Sonnet 73

Pipé d’Amour, ma Circe enchanteresse
Dedans ses fers m’arreste emprisonné,
Non par le goust d’un vin empoisonné,
Non par le jus d’une herbe pecheresse.
Du fin Gregeois l’espée vangeresse,
Et le Moly par Mercure ordonné,
En peu de temps du breuvage donné
Peurent forcer la force charmeresse :
Si qu’à la fin le Dulyche troupeau
Reprint l’honneur de sa premiere peau,
Et sa prudence au-paravant peu caute.
Mais pour mon sens remettre en mon cerveau,
Il me faudroit un Astolphe nouveau,
Tant ma raison est aveugle en sa faute.
                                                                            Snared by Love, my enchantress, my Circe
                                                                            Holds me imprisoned within her chains;
                                                                            She did not use the taste of poisoned wine,
                                                                            Nor the juice of a sinful herb.

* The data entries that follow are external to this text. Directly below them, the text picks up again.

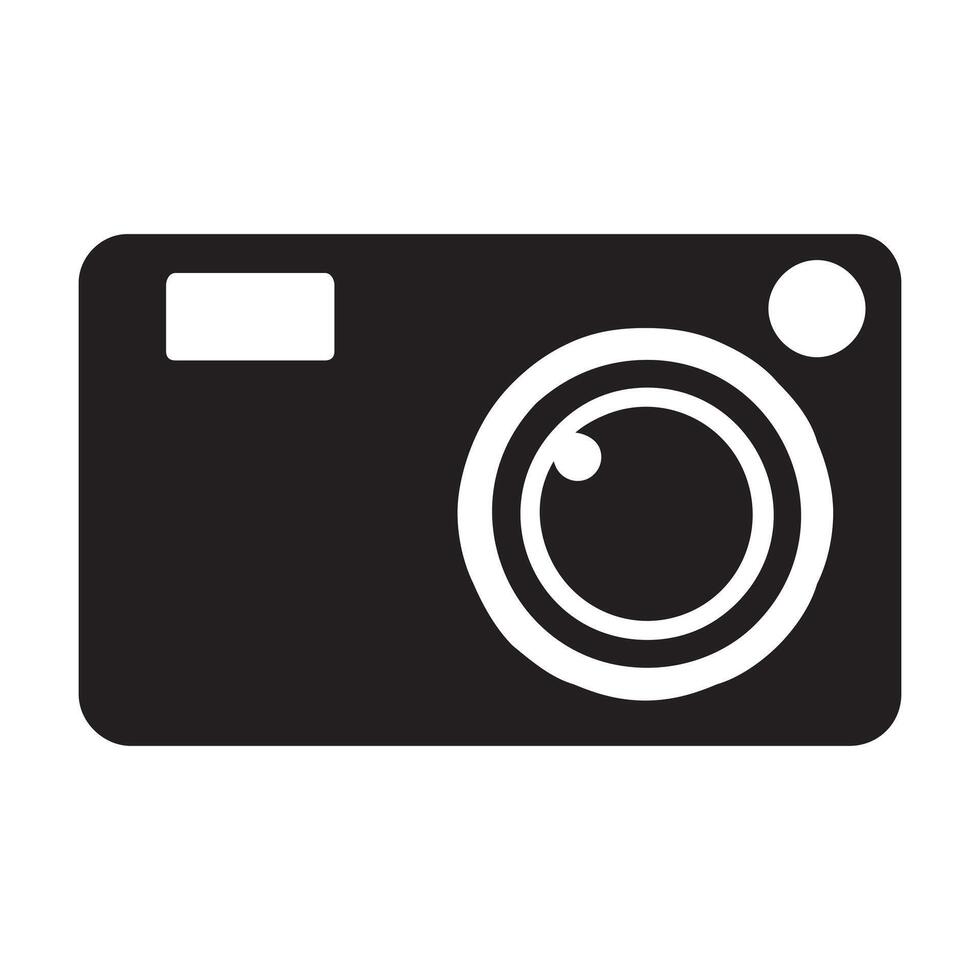 camera statief icoon staat Aan een speciaal voorkant visie, oud en nieuw zwart wit. film video vector illustratie, bioscoop camera icoon.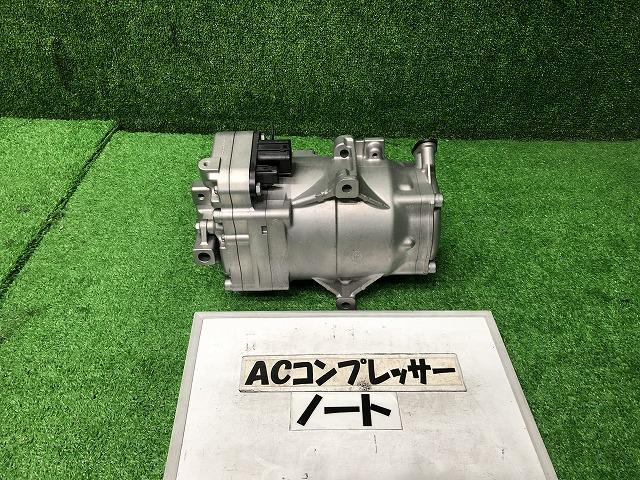 【中古】再生部品 ノート HE12 A/Cコンプレッサー 【3330160100-092606021060700】|e-cleマート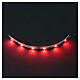 Striscia 6 led rosso per MLS s2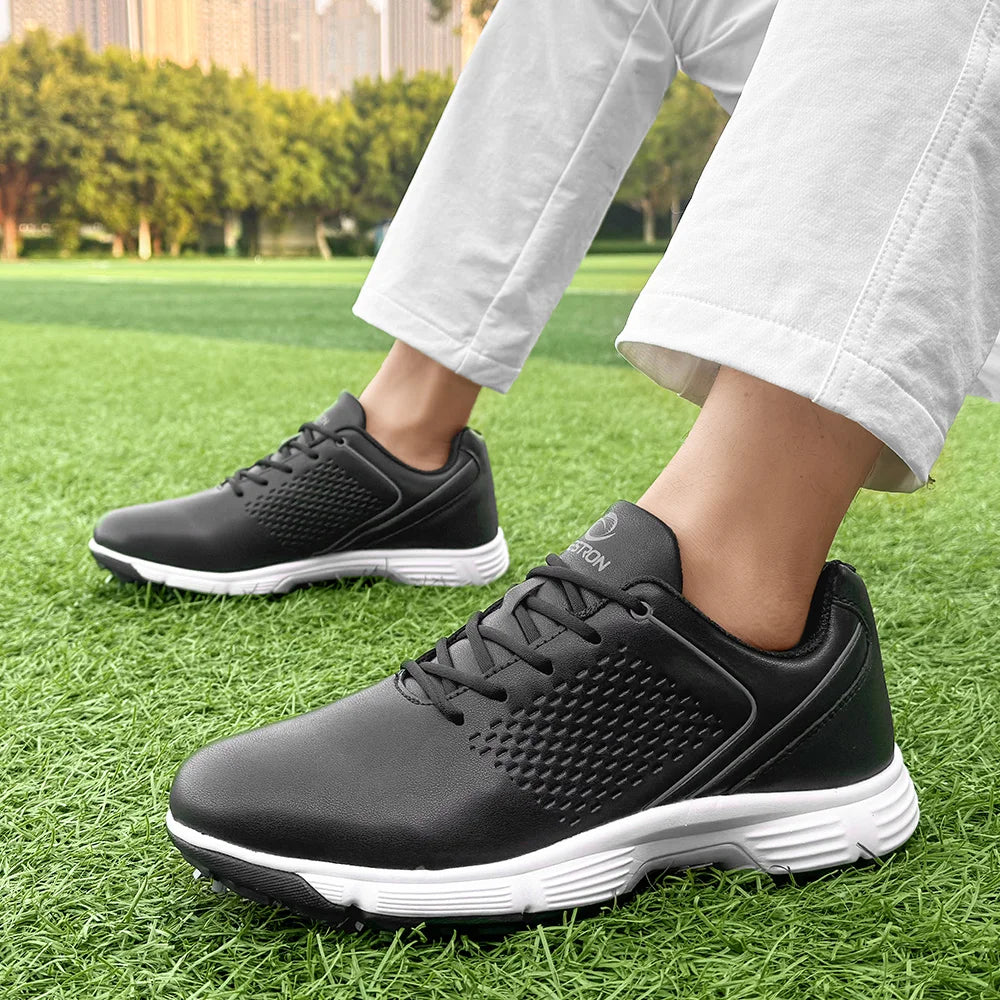 Men’s Golf Training Shoes – Anti-Slip Walking Sneakers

                                                                            The avenging sword of the wily Greek
                                                                            And the cure for the enchantment ordained by Mercury
                                                                            In a short while were able to overpower
                                                                            The power of the charm in the drink they were given;
                                                                            So that, in the end, the Dulychean troop
                                                                            Recovered the honour of its original shape
                                                                            And its prudence, though formerly so incautious.

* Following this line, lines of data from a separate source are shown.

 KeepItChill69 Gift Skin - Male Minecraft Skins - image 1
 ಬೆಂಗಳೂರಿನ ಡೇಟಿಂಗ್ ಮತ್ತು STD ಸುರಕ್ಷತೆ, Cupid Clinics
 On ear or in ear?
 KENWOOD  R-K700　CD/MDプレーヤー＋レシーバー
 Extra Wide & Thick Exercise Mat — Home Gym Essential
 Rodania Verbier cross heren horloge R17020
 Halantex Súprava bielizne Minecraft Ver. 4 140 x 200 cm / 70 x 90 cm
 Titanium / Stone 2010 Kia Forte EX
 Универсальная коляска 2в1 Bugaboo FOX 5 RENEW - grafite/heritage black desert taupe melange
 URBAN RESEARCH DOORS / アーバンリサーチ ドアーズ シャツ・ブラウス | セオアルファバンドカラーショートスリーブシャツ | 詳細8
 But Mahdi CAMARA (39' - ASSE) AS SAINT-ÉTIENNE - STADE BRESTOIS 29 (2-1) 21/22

                                                                            But to put my sense back in my brain
                                                                            I would need a new Astolpho,
                                                                            So blind is my reason to its failing.

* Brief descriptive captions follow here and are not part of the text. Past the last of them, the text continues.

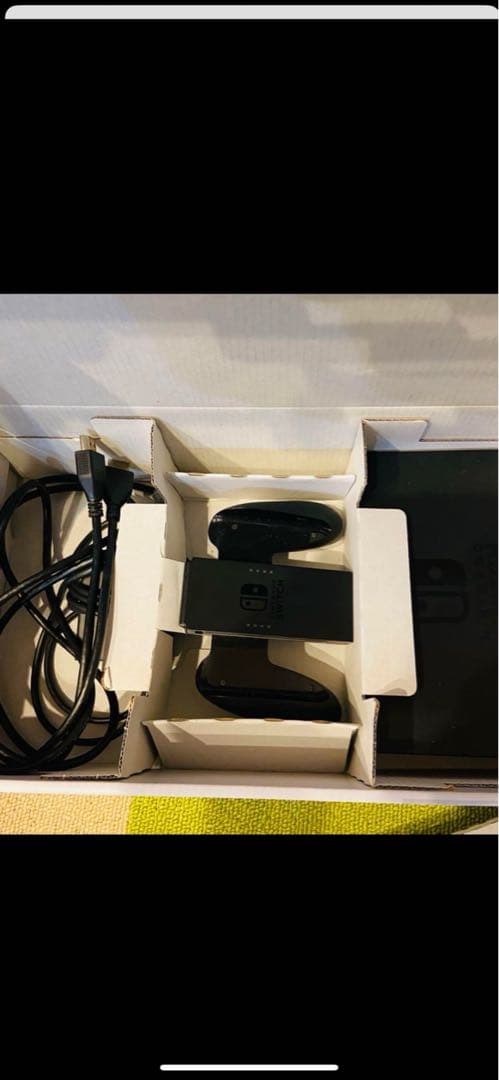 Nintendo Switch 本体 紫黄色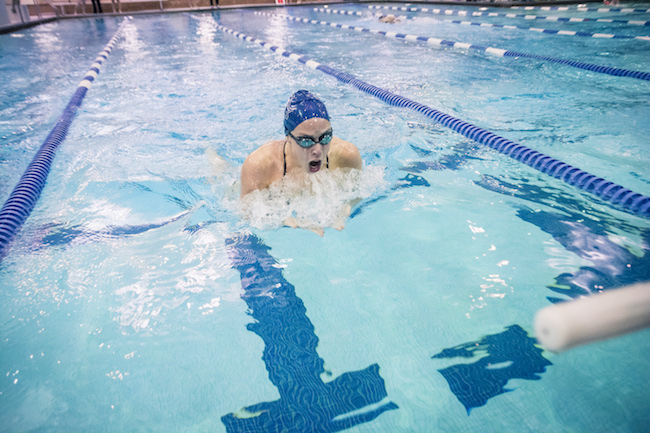 Strong individual performaces focus of swim tri-meet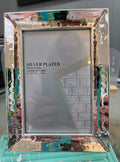 Photo Frame - Silver Plated 4x6" (10x15cm)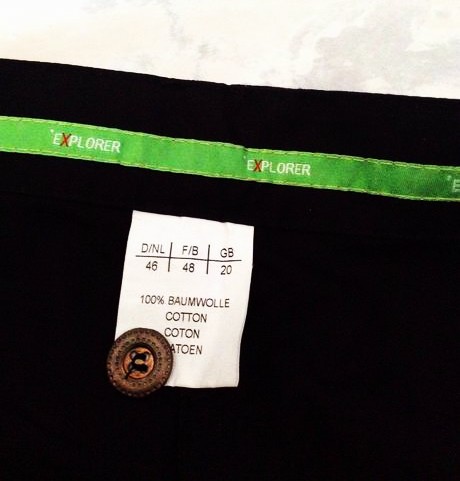 Kraťasy/kapsáče, l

Circe is the enchantress who transforms Odysseus’ crew into pigs in the 10th book of the ‘Odyssey’.  She uses a potion and a magic wine-cup. Note that the pigs run free, and are not kept chained; but they are metaphorically chained by the enchantment. They are rescued by Odysseus (the wily Greek) who – at Mercury’s recommendation – uses the plant ‘molu’ or ‘moly’ to prevent the witch’s magic affecting him.  [Some argue that the men were only metaphorically transformed into pigs, their humanity taken away by a hallucinogen of some kind; the snowdrop has anti-hallucinogenic properties (apparently!) so may be ‘moly’.] Dulichium was one of the islands of which Odysseus was king; possibly one of the Echinades, or nearby Cephalonia?
Astolpho takes us to a rather more modern epic – Ariosto’s ‘Orlando Furioso’. Astolpho is the powerful champion who restores Orlando to his senses after he has been maddened by love. Originally one of Charlemagne’s paladins, Astolpho/Astolfo in Ariosto has acquired a range of magical weapons and steeds. He flies on a hippogriff, meets St John the Apostle, then takes Elijah’s chariot to the moon, where he finds Orlando’s lost wits in a bottle…!
Blanchemain’s version has only 3 minor changes – though one affects the very beginning of the poem!  The early version begins “Du tout changé, ma Circe…” (‘Changed in every way, my Circe holds me…’). In line 8 Odysseus’ sword and ‘moly’ “Forcèrent bien la force charmeresse” (‘overpowered easily the power of the charm’) – not noticeably better or worse than the alternative repetition of ‘forcer’! And in line 10 the troop “reprit” instead of “reprint” (recovered) its honour – a difference only between treating ‘troop’ as plural or singular.